Remember, don’t let yourself be pressurised into buying additional insurance at the rental desk if you do not want or require it. Leave the required deposit and make sure to read over the rental agreement before signing to ensure that it doesn’t include additional insurance or other unauthorised extra charges.

For more car rental advice check out the following:

4. ‘We’re not responsible for losing your item. Talk to the courier’

There are a lot of benefits to shopping online but there are also a few negatives – one of the biggest being your product going missing during delivery. To rub salt into the wound there have been instances where consumers are confused about who to complain to as neither the trader nor the delivery company accepts responsibility.

The problem can be bounced back and forth, with the consumer often left feeling fobbed off and at a loss as to how they can get what they deserve.

For this situation the Consumer Contracts (Information & Cancellation) Regulations 2014 provides helpful clarity. If the trader offered a particular courier/delivery service (as is generally the case in ecommerce contracts) and this was not organised by you, then it is the trader who has responsibility for the goods until they are physically in your possession.

However, if you organised your own courier/delivery service, or nominated someone else to receive the goods (e.g. a neighbour), then the trader’s responsibility ends the moment the goods are passed over to this third-party.

Once you’ve figured out who is responsible then lodge your complaint (either with the trader or the third-party). If you encounter further problems then you can complain to the UK ECC (for cross-border) and we can either help or point you in the right direction.

For more information check out the following:

5. ‘Talk to the manufacturer.

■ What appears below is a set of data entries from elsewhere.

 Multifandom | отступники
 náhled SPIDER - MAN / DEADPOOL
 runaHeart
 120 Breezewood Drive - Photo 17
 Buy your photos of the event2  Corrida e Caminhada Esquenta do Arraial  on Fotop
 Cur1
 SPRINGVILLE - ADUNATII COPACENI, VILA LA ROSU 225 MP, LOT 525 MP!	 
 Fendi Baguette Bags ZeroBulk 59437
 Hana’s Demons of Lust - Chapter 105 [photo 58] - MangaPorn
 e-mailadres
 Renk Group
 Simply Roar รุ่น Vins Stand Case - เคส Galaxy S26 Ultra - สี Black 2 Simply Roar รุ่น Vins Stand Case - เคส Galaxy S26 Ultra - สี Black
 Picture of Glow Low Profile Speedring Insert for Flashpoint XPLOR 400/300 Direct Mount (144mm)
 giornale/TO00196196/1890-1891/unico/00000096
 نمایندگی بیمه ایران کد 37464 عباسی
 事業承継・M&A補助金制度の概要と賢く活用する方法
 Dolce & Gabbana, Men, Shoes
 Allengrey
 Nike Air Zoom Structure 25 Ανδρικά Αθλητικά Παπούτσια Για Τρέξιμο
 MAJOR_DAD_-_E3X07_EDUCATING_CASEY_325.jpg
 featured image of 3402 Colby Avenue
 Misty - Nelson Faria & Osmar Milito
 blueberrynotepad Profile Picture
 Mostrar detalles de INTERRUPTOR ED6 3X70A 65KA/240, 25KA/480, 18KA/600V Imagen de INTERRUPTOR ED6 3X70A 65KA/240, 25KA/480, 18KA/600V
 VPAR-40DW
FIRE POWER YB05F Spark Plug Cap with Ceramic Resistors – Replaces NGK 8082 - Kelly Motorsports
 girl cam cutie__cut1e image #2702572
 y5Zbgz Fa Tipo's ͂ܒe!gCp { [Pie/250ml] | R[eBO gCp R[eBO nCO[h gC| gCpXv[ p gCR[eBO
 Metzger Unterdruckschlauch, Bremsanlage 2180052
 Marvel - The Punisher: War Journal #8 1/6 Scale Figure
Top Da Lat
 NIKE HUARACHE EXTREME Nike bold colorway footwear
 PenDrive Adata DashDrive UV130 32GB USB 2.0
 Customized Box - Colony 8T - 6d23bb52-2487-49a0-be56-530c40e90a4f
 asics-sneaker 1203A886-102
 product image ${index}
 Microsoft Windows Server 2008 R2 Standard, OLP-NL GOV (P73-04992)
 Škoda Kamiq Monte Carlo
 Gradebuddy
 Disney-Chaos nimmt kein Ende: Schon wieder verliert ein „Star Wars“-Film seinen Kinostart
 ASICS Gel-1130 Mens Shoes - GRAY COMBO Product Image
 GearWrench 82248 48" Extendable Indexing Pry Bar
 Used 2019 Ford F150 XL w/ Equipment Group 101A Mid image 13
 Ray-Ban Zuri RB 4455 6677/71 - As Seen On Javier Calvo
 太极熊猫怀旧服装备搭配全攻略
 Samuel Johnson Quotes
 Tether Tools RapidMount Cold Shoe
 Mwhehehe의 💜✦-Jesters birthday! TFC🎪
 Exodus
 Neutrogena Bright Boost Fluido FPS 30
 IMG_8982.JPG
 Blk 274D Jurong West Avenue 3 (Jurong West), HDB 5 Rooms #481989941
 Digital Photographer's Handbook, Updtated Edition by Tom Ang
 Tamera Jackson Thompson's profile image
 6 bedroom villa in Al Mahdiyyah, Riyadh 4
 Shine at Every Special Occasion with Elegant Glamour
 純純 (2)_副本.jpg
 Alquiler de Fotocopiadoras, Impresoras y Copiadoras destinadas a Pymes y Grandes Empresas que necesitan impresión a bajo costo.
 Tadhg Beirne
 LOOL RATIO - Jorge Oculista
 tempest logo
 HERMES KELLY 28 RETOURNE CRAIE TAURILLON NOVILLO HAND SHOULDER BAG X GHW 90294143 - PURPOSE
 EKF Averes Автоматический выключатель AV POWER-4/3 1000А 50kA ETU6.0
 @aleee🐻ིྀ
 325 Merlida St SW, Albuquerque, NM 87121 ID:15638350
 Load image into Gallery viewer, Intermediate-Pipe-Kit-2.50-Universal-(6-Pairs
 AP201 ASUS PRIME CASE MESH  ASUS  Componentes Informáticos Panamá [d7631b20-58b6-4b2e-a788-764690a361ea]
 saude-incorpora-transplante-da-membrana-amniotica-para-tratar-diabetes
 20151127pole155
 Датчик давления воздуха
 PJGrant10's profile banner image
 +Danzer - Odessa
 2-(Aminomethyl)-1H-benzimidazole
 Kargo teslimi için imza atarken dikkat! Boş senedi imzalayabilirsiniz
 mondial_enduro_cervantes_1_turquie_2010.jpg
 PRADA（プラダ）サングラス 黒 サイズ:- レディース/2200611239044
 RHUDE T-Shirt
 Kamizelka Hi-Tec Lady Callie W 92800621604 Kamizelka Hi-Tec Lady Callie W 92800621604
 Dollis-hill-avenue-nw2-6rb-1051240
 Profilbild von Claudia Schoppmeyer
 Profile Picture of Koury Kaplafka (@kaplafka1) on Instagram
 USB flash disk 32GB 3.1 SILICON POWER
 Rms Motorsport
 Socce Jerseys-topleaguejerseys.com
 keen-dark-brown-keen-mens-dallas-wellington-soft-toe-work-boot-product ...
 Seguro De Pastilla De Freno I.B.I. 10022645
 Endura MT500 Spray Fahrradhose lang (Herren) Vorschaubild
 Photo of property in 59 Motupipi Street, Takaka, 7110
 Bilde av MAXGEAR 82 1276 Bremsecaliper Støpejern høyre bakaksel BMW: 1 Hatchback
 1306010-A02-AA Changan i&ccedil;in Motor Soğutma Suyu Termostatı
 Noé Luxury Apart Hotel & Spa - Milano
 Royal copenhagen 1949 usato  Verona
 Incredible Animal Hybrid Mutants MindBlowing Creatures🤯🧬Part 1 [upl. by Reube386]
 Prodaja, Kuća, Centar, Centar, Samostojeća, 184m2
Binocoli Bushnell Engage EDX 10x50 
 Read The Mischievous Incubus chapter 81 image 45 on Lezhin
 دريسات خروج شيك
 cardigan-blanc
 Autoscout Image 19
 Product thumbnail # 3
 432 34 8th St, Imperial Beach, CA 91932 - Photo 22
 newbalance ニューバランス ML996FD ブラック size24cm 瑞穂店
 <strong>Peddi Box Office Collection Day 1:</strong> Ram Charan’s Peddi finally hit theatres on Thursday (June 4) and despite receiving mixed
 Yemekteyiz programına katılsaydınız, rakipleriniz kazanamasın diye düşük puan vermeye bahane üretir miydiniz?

It’s not our problem’

Under the UK’s Consumer Rights Act, a consumer’s rights are with the trader, not the manufacturer. This attempt by the retailer to tell consumers to talk to the manufacturer is the trader’s attempt at avoiding their responsibility. The law says that consumers can expect goods to be of satisfactory quality, free from defects and durable (i.e. fit for purpose for a reasonable time).

It is under the Consumer Sales Directive that, if goods do not conform to contract, you may be entitled to a repair or replacement and in some circumstances a full or partial refund. For the first six months after purchase, it will be for the retailer to prove that the goods did conform to contract (were not inherently faulty). After the first six months, the consumer must prove the goods were faulty.

You bought the goods from the trader, not the manufacturer, so the trader is nearly always liable for any breaches of contract.